His initial duties as layout artist on a women's journal were not so glamorous as his dreams. But with several publications all situated under one roof, Jippes could slide back and forth betweeen assignments. He began drawing weekly strips in various magazines, narrowed his work to cover art for Donald Duck, and gradually became a fixture on the staff. By 1975 his role had increased to that of art director. He would report twice a week to look over submissions from a cadre of cartoonists and writers, most of them freelancers like himself. Some stories could be pollished on the spot; the rest he took home. It was excellent training but must have been frustrating, for Jippes seldom had the chance to see a comic of his own evolve from plot to finished inks. "Most of my contributions were in the shape of pencil scripts. I didn't do much final art; I started up the motor and guided others. 'Hot Ducks' [published as "Banquet Behind Bars" in WDC&S #604] was one of the exceptions. I wanted to do some pages by myself from start to finish." The story ran three pages, but that was enough do draw praise from Barks and attract the attention of Danish cartoonist Freddy Milton. The result was an intense and fruitful collaboration betweeen the two Europeans. "Freddy's stories were quite ambitious. I wrote him letters analyzing the scripts, offering suggestions. That took hours. Some of the stories went through three drafts."

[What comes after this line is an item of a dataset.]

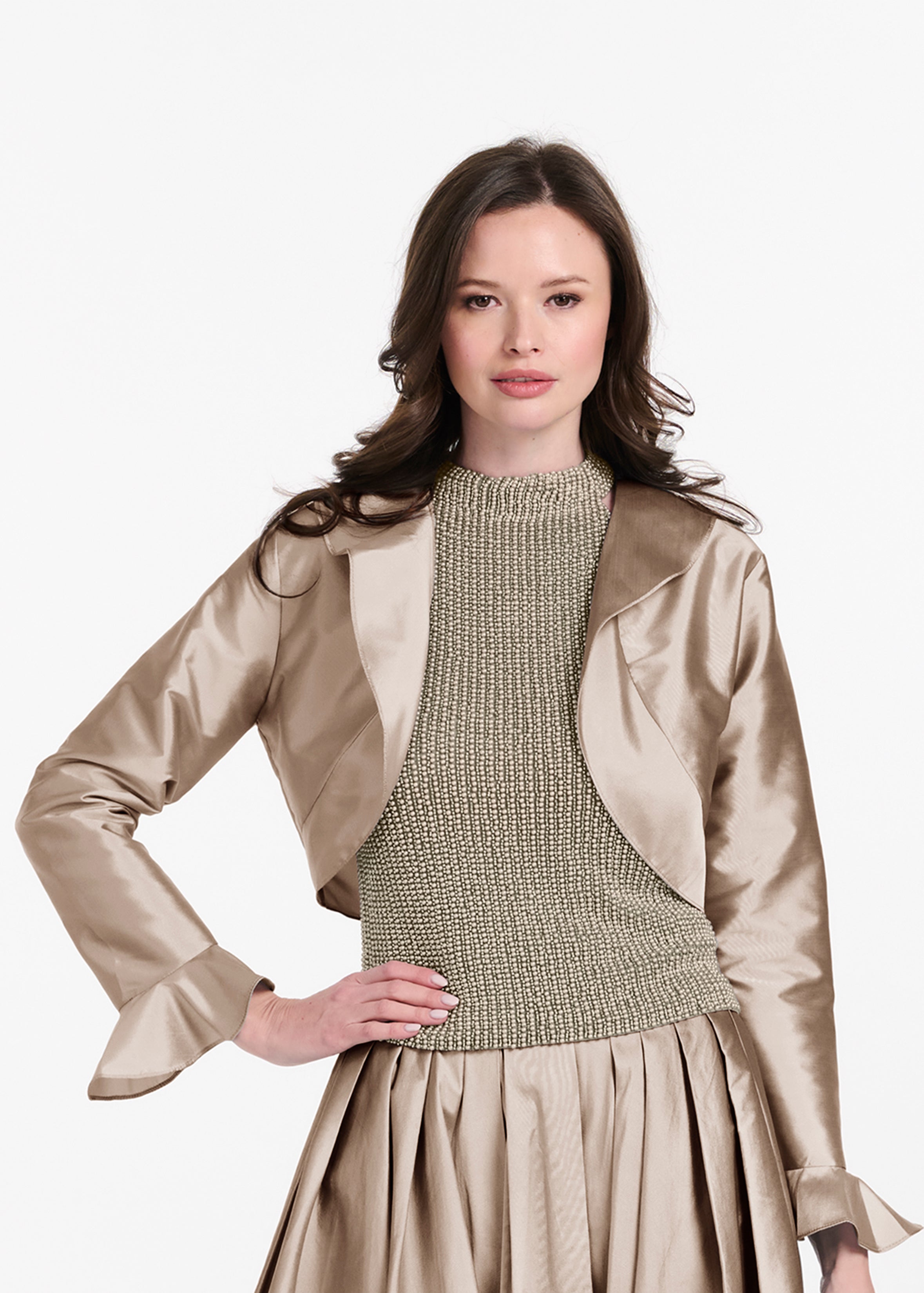 TAFFETA RUFFLE BOLERO SUNTAN | Emily Shalant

By 1979 the art director was looking for a change. He packed a fresh portfolio and flew to Burbank-Disney's heartland, as he calls it. There his drawings of Mickey impressed Eric Larson, one of Disney's legendary Nino Old Men, and Daan was invited to become part of the studio. For the next fifteen years he labored on a variety of projects from T-shirts to featured films. Having first proved his worth on the Mickey Mouse Sunday strip, he graduated to animation: storyboards and character styling for The Prince and the Pauper, The Rescuers Down Under, and Aladdin. 1992 was spent in Paris directing the European merchandising art for Beauty and the Beast. Today Daan is back in Burbank, hard to work on Disney's animated feature for 1998. All this time he has continued to freelance covers and stories for the Illustrated Press, many of which are reprinted in Gladstone's line of comics.

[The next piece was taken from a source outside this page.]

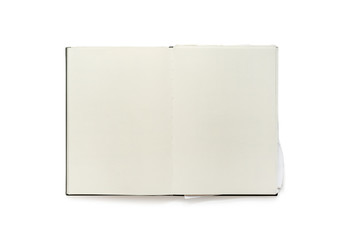 Vintage blank open notebook isolated on white background.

In a field where egos run high, Jippes is roundly regarded as the best of the Barks imitators. Colleagues like William Van Horn and Don Rosa praise his ability to ape the Barks duck of the forties, fifties, even the slicker-looking Donald of the 1960s- It would be hard to imagine anyone else completing the Junior Woodchuck tales that Barks dashed off twenty years ago in the form of sketch scripts. Jippes has drawn and inked eight of these, one of which appears following this article, and hopes someday to finish all 24 in a properly Barksian fashion. Betweentimes he lets traces of Walt Kelly and Paul Murry slip into his art. "Nobody holds a firm grip on me," he insists. "To get stuck in one style would be artistic death. I'm not concerned with developing a Jippes duck; whatever comes out will be Jippes. But I want to give the covers some variety."

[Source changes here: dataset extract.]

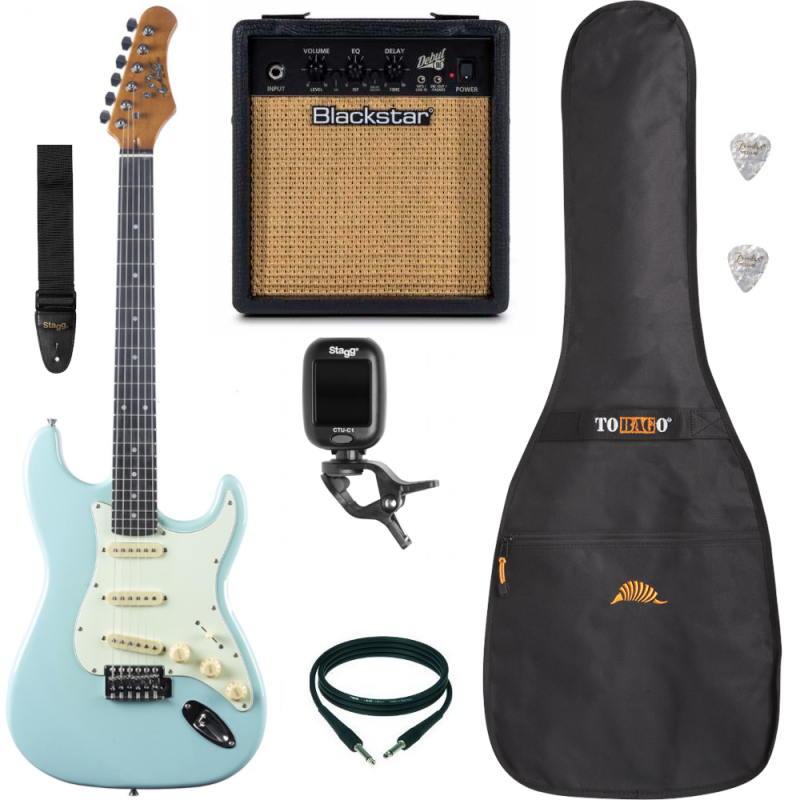 Pack Guitare Electrique EKO ST300 Daphne Blue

In person Daan Jippes is big-boned and bearded. He fills a chair or an office rather quickly. But he talks softly, with the rueful chuckle of someone who has seen behind a few too many doors in the entertainment industry. His smouldering ambition remains what it was twenty years ago: to see one artistic project through from start to finish. As he continues to rise up the animation ladder, there's every chance he will do so.
And in the meantime there are all those Woodchuck scripts.